• [EXERCISE AIM]
Output only the lines that run from the line holding "CAT 299D Pás Carregadoras de rastos" to the end of the entries, both ends included, and skip the pictures.

═════ TASK INPUT ═════

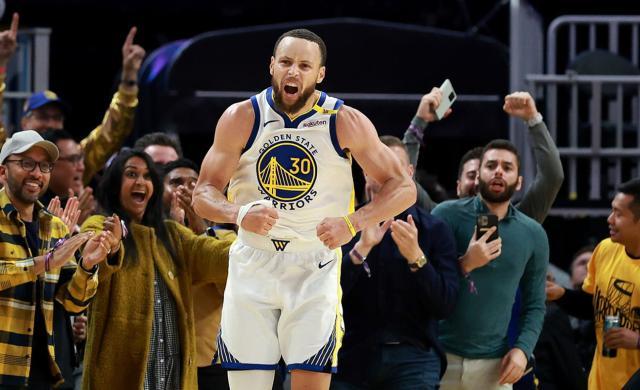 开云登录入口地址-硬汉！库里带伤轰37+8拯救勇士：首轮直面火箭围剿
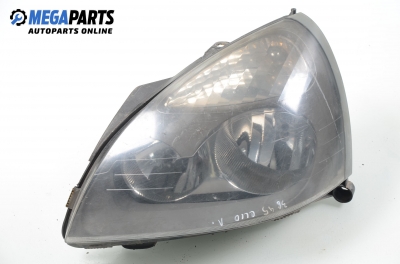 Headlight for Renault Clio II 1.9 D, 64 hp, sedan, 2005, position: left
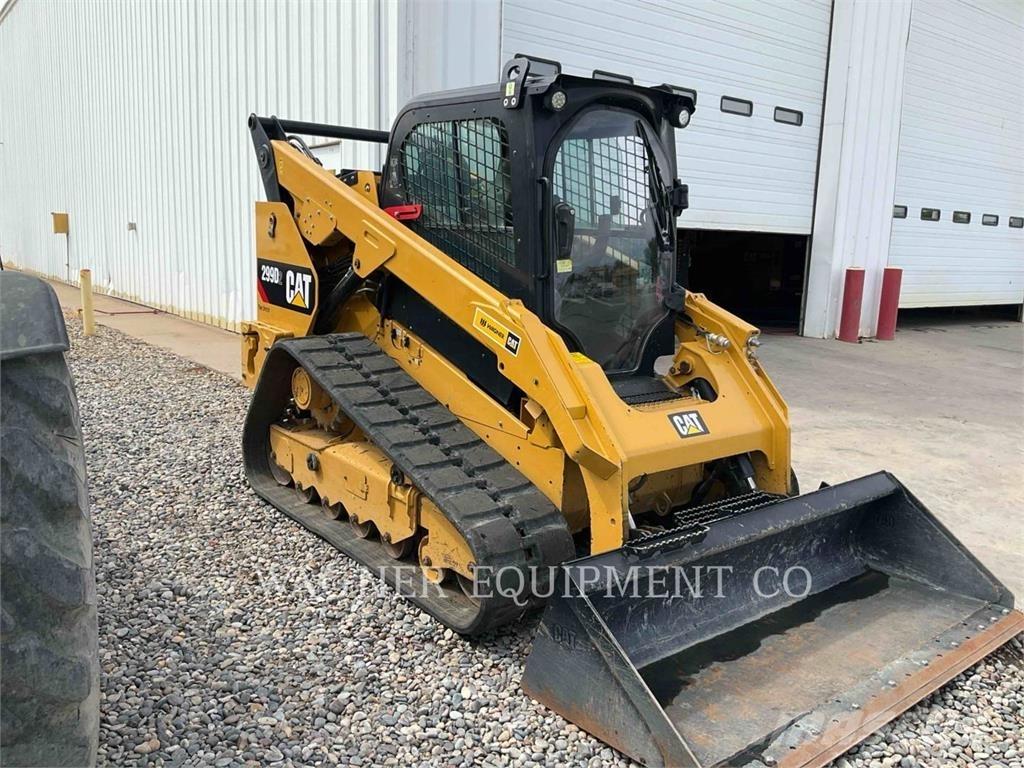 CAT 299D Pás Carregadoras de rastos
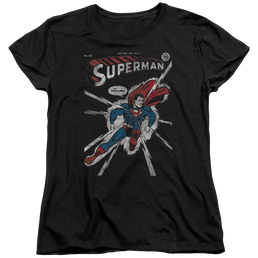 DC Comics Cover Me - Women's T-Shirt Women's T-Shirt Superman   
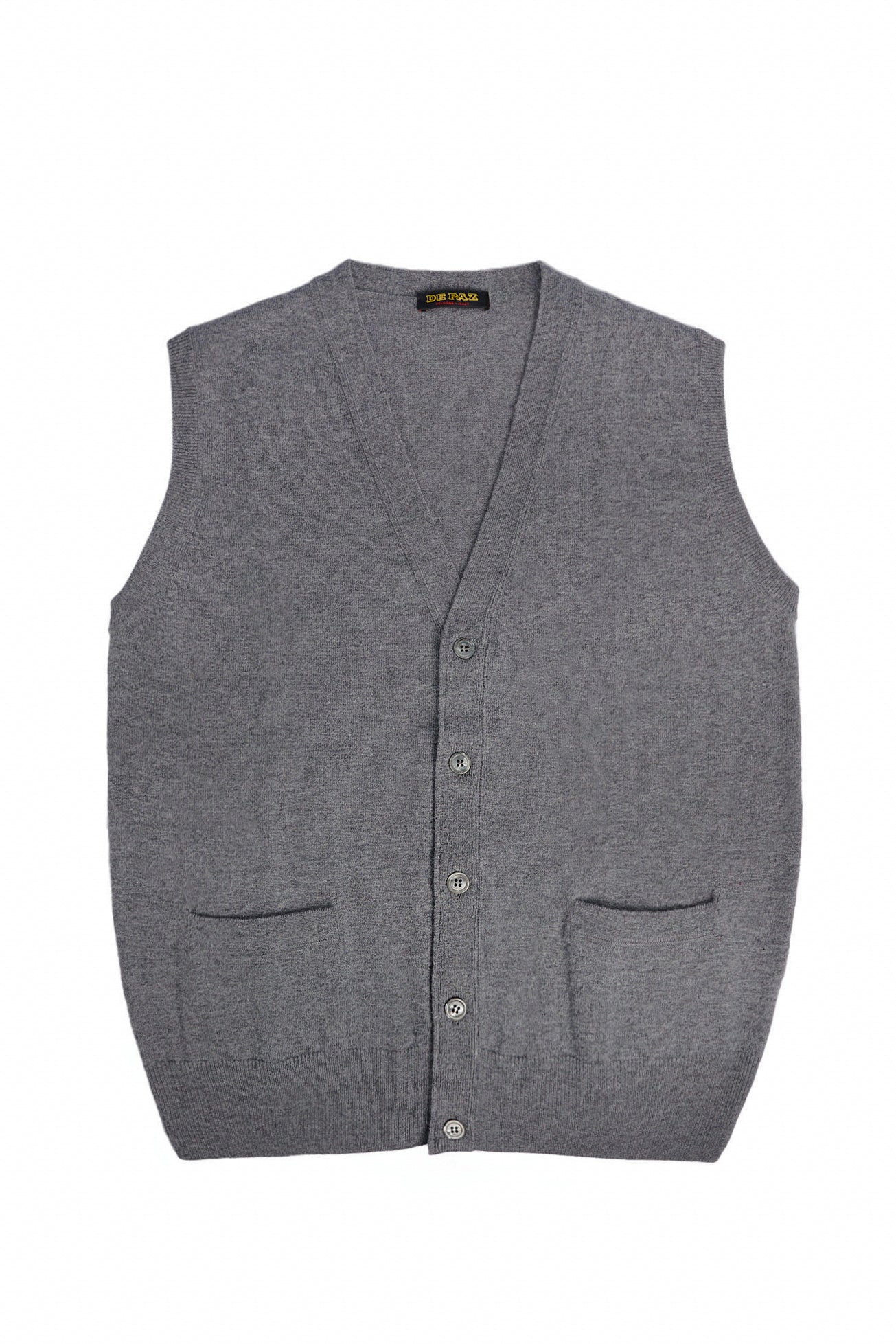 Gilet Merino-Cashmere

═════

• [OUTPUT FOR THIS EXERCISE]
 CAT 299D Pás Carregadoras de rastos
 DC Comics Cover Me - Women's T-Shirt Women's T-Shirt Superman   
 Gilet Merino-Cashmere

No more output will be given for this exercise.